_What the task asks:_ Exactly reproduce all the records, keeping pictures out of the copy.

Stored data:
..............................
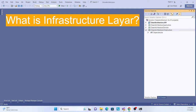The infrastructure layer provides implementation of external dependencies such as a database, external services, or third-party libraries. For example, we'll be using Entity Framework with SQLite. That implementation should live here only, so our core is not dependent on any third-party stuff. This layer depends on the domain and application layer, and it contains data access implementation, repositories, external service clients, and other infrastructure components.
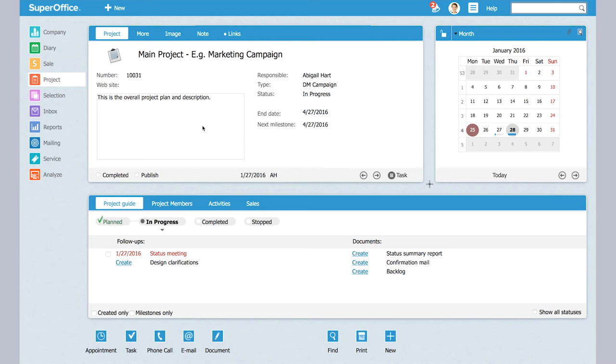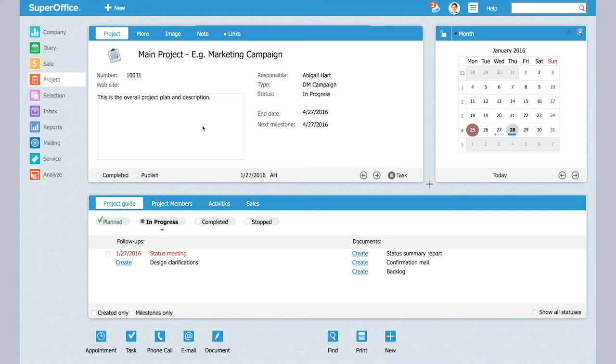Here I have a project in SuperOffice CRM. I have created an example project I've called marketing campaign and it's a typical example where I would also create lots of different subprojects, for example events and design.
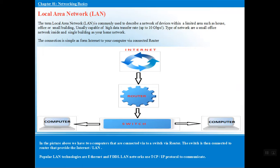Now let's look at LAN and WAN — the two most common types of network. LAN stands for Local Area Network. As shown in the diagram, when two computers share data and resources, they use a switch, which connects to a router, and the router connects to the internet. In reverse, data from the internet travels through the router and is sent to your specific computer via your ISP.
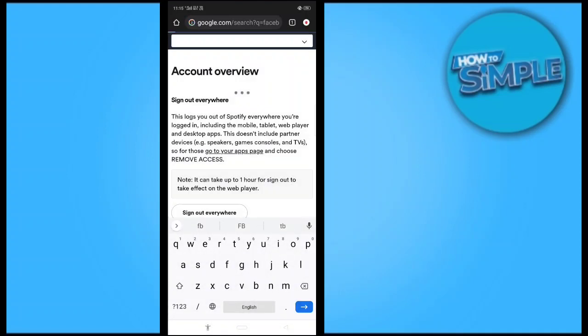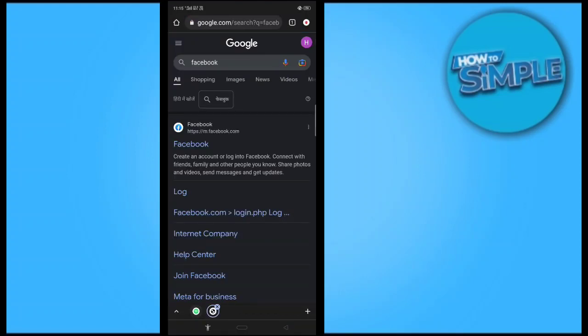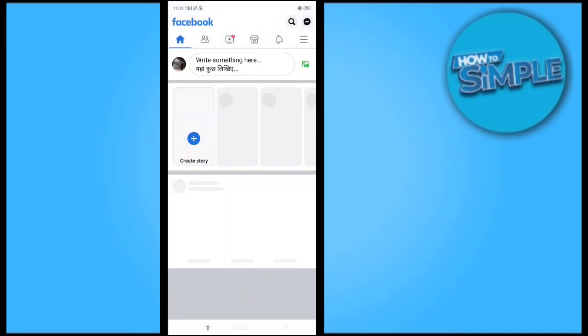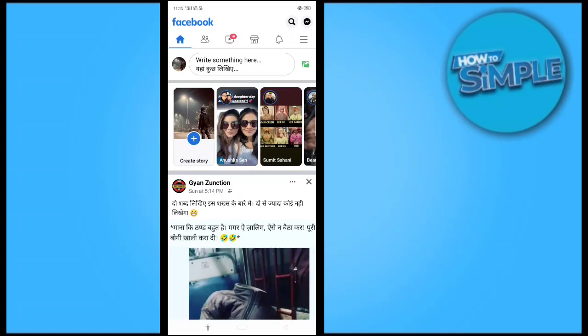Here my app is open now, so I will just search anything from here. If you did not login, then also you can search anything regarding Facebook on here. So this is the video.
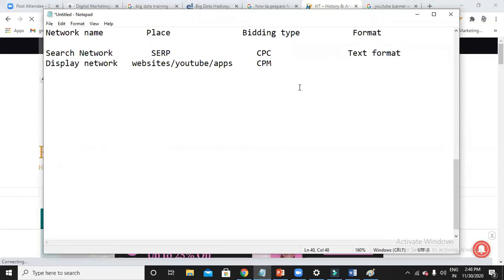You can choose CPC also, but mostly you will be using CPM for display network. What is the format of your ad? It can be image or it can be a banner.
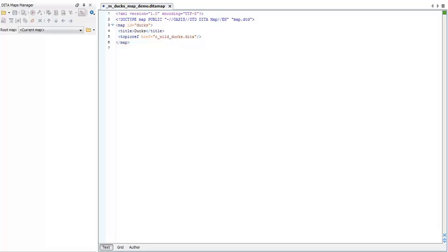Inside the map element, we have the title element, and after that, we can start compiling topics in our map using the topic ref element. Each topic ref element contains a link to a topic that should be included.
..............................
_Answer to this exercise:_
The infrastructure layer provides implementation of external dependencies such as a database, external services, or third-party libraries. For example, we'll be using Entity Framework with SQLite. That implementation should live here only, so our core is not dependent on any third-party stuff. This layer depends on the domain and application layer, and it contains data access implementation, repositories, external service clients, and other infrastructure components.
Here I have a project in SuperOffice CRM. I have created an example project I've called marketing campaign and it's a typical example where I would also create lots of different subprojects, for example events and design.
Now let's look at LAN and WAN — the two most common types of network. LAN stands for Local Area Network. As shown in the diagram, when two computers share data and resources, they use a switch, which connects to a router, and the router connects to the internet. In reverse, data from the internet travels through the router and is sent to your specific computer via your ISP.
Here my app is open now, so I will just search anything from here. If you did not login, then also you can search anything regarding Facebook on here. So this is the video.
You can choose CPC also, but mostly you will be using CPM for display network. What is the format of your ad? It can be image or it can be a banner.
Inside the map element, we have the title element, and after that, we can start compiling topics in our map using the topic ref element. Each topic ref element contains a link to a topic that should be included.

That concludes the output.